Retype the lines below exactly, but only those from the line that has "Baby Onesie - Powder Blue" through the line that has "Solved - Tect". Omit every picture.

Records shown —
Content starts
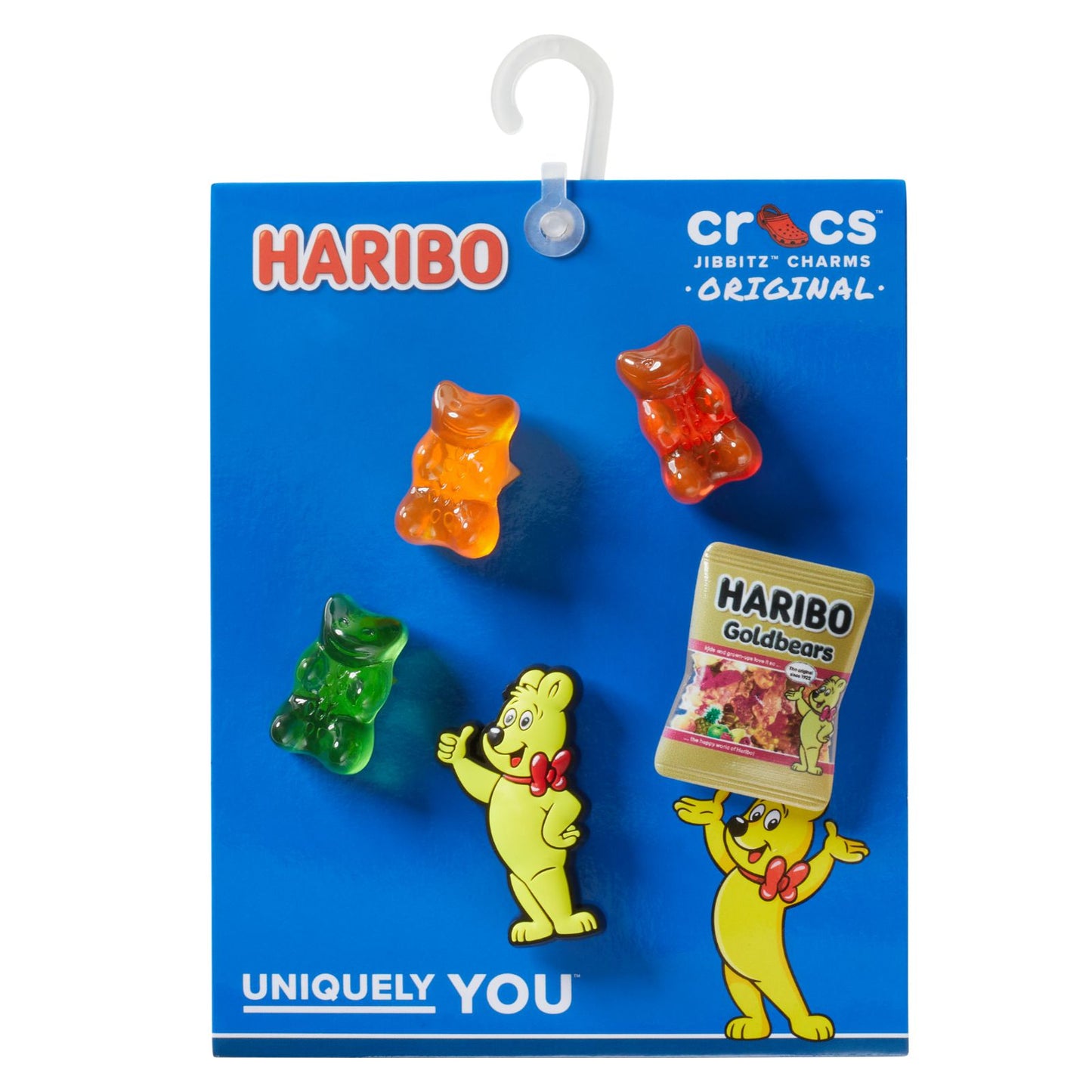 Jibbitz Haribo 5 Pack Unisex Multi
Content ends
Content starts
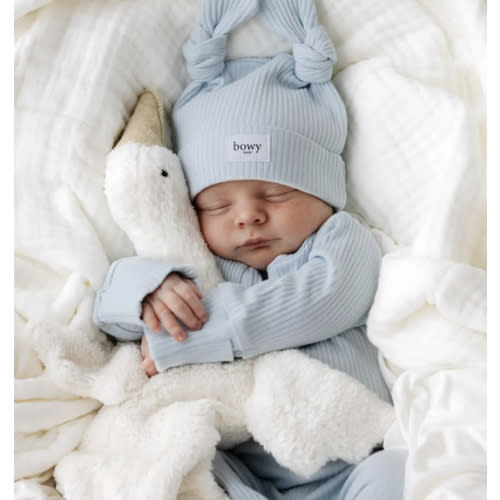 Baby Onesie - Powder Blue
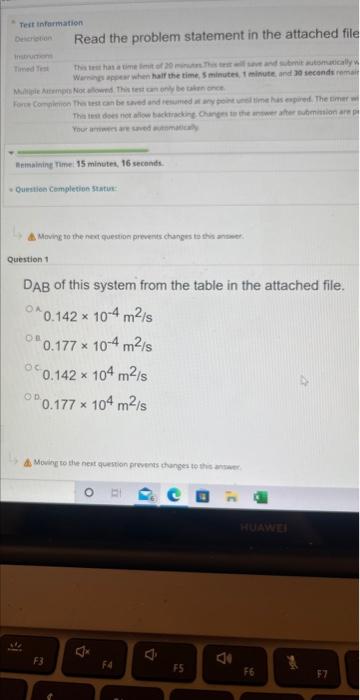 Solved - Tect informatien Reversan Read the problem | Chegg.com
Content ends
Written reply —
 Baby Onesie - Powder Blue
 Solved - Tect informatien Reversan Read the problem | Chegg.com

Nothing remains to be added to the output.